Let him know, in a gentle way, that while you don't mind assisting at times, you'd also like non-favor-related contact. Suggest specific times that work for casual catch-up calls.

3. He takes your support for granted.

After decades of providing for your son's needs, he may unconsciously expect resources and support from you when needed. This dynamic can carry over into his adult years. 

man talking on phone Son Only Calls When He Wants Something

Gently communicate that you feel more purpose and joy in the relationship when it involves give-and-take, not just take on his part. If taking you for granted is an ongoing issue, you may need to practice saying no at times to favors that enable the behavior.

4. He doesn't feel emotionally close.

Some adult children only contact their parents when needing something concrete because they lack an emotional bond. If your relationship has always centered around practical matters rather than nurturing intimacy, your son may not think to call just to talk. 

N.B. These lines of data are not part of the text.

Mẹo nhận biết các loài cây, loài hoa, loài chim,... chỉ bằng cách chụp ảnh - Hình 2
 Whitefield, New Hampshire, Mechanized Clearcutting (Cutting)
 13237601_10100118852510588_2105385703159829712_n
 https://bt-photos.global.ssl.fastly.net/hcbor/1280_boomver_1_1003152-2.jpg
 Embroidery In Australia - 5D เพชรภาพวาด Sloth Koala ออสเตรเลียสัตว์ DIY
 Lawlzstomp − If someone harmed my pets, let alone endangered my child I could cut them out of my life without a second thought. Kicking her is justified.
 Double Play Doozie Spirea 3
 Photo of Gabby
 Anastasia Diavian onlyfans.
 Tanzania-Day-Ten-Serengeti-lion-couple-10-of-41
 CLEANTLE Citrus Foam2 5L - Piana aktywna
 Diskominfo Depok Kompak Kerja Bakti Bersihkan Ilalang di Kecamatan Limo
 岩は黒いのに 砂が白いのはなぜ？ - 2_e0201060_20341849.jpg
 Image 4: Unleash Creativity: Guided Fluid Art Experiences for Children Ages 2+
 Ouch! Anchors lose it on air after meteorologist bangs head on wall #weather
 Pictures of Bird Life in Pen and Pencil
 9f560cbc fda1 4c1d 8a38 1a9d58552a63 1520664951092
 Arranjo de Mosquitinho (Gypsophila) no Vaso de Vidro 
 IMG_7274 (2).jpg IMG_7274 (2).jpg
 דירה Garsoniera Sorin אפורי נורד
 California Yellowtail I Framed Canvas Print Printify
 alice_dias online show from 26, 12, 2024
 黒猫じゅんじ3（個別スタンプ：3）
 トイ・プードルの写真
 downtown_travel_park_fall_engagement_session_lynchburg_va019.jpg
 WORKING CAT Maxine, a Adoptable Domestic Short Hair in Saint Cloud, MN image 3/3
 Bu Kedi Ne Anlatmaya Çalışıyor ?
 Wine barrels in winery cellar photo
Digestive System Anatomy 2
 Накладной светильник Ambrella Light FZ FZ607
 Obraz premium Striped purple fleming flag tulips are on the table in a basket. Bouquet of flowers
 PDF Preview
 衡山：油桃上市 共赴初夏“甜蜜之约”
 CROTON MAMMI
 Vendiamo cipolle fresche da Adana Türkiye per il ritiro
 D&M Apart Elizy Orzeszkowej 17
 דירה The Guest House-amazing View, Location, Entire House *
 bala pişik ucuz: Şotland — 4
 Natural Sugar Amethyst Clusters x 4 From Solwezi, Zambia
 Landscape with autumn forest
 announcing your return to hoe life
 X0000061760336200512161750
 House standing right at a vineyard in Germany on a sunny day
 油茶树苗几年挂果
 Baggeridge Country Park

Consider if perhaps both of you have room to improve when it comes to sharing feelings, being vulnerable, or showing affection. Strengthening your emotional connection may motivate him to reach out more.

5. You tend to problem-solve for him.

When your son does call, do you spend most of the conversation trying to fix things for him or offer money/resources? If so, he may view you more as a problem-solver than a nurturing parent. 

Set boundaries around not always rushing in to rescue your son when he seeks help. Also, try asking more questions about his life and resist the urge to offer solutions immediately. This can help shift your dynamic to a more well-rounded relationship.  

6. He lacks confidence in himself.

In some cases, adult children end up dependent on their parents well into adulthood due to self-esteem issues or lack of life skills. 

Your son may doubt his own ability to handle challenges that arise, so he automatically turns to you for solutions. Raising a confident child who believes in themself starts early. 

But even in adulthood, you can gently encourage your son's problem-solving skills by expressing faith in his abilities.

7. You enable his dependent behavior.

It's hard not to jump in and help when your child is struggling. However, rescuing your son every time he's facing something difficult can perpetuate needy behaviors. He never builds coping skills because you handle the tough stuff for him. 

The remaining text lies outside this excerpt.